"Overall, our conclusion is we observed more benefit in apalutamide vs abiraterone," says Mehmet Asim Bilen, MD.
In this video, Mehmet Asim Bilen, MD, discusses the background and key findings from the study, “Analysis of real-world survival for patients with metastatic castration-sensitive prostate cancer (mCSPC) treated with apalutamide (APA) or abiraterone acetate (ABI) in an oncology database: ROMA study,” which was presented at the 2024 ASCO Genitourinary Cancers Symposium in San Francisco, California. Bilen is the director of genitourinary medical oncology at the Winship Cancer Institute of Emory University in Atlanta, Georgia.
Video Transcript:
Just like our previous data [where] we compared apalutamide and enzalutamide in metastatic castration sensitive prostate cancer patients, in this work, we compare apalutamide vs abiraterone.

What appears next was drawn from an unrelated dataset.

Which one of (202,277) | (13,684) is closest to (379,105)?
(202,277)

Those are really the 3 drugs we can pick, and currently, all those are effective and available. But at the end of the day, we really don't know how to choose which 1, and because of this reason, we conducted this analysis. We looked at the FlatIron database and dissected patients who received apalutamide or abiraterone in our analysis cohort. We had roughly 250 patients receive apalutamide, and a little over 600 patients receive abiraterone. Roughly 57%, white vs 17% Black. When we look at median on treatment, it was 11.4 [months] for apalutamide vs 10.8 months on abiraterone. When we look at the landmark survival, which is the 24 months, 85.7% of the APA cohort survived vs 75.9% on the abiraterone, based on unadjusted analyses and hazard ratio is 0.60. It's statistically significant. Overall, our conclusion is we observed more benefit in apalutamide vs abiraterone. But again, we need to do multivariate analyses and try to control as much as factors that might affect the outcome. Hopefully that will be done in our future work.
This transcription has been edited for clarity.